Where’s the full recipe - why can I only see the ingredients?

Always check the publication for a full list of ingredients. An Eat Your Books index lists the main ingredients and does not include 'store-cupboard ingredients' (salt, pepper, oil, flour, etc.) - unless called for in significant quantity.

Notes about this recipe

  • Eat Your Books

    Can substitute buckeye beans for yellow eye beans. Recipe calls for dried beans.

  • matthew_jiod3h on April 16, 2026

    BEANS

  • ldebuys on March 18, 2026

    This was good, but I ultimately felt like it wasn't worth the effort it took. Was that impression formed by the fact that I made it on a Tuesday with two small children asking for help and my husband making soda bread at the same time? Perhaps. It was good, it tasted virtuous, I will happily eat it again, but I always forget how long it takes to chop things. Maybe a better weekend cook for me. I used one pound of yellow eyes and a half pound of buckeyes.

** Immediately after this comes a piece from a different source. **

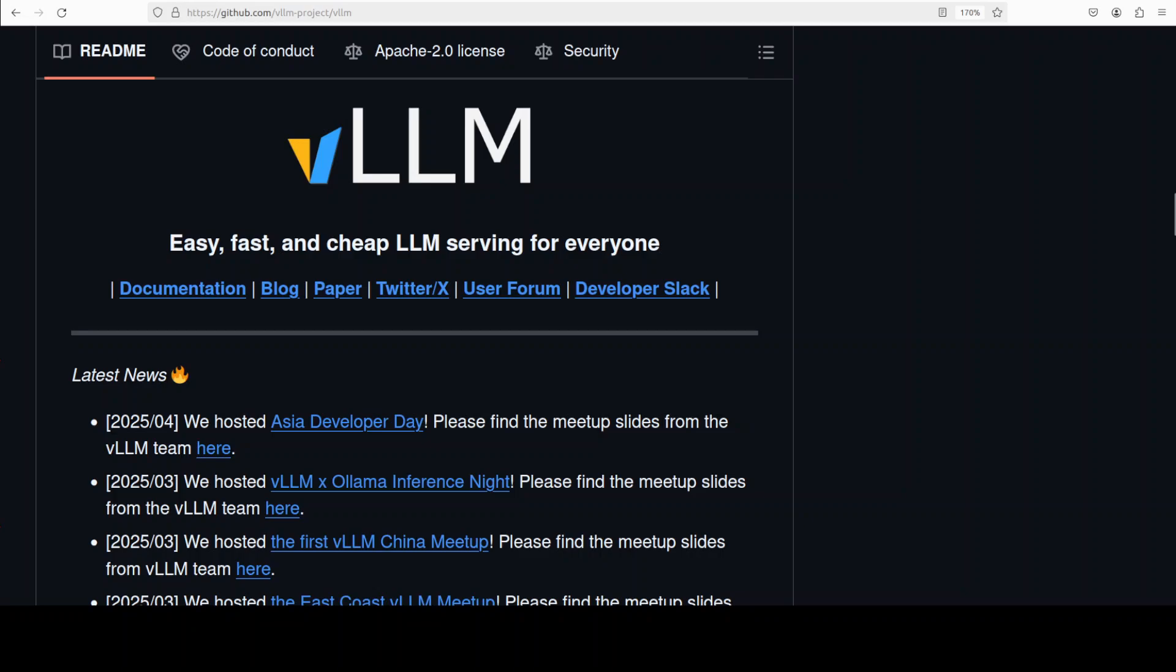There are literally hundreds of ways now to install and serve large language models locally. One of the oldest and probably one of the most stable tools is VLLM. I have been covering VLLM for a long time now and I think that this project has evolved a lot and yet it maintains its simplicity and quality.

  • hashi on December 17, 2025

    So delicious. Added a little tomato paste and chopped collards, as suggested in the On Vegetables version. Yellow Eye beans are the best and this soup showcases them so well. I can’t wait to have it again.

  • alias058 on December 11, 2025

    Really good recipe. The yellow eye beans produce a blonde broth with a lot of body. It took a little longer than I expected for the vegetables to get soft. Will definitely make again.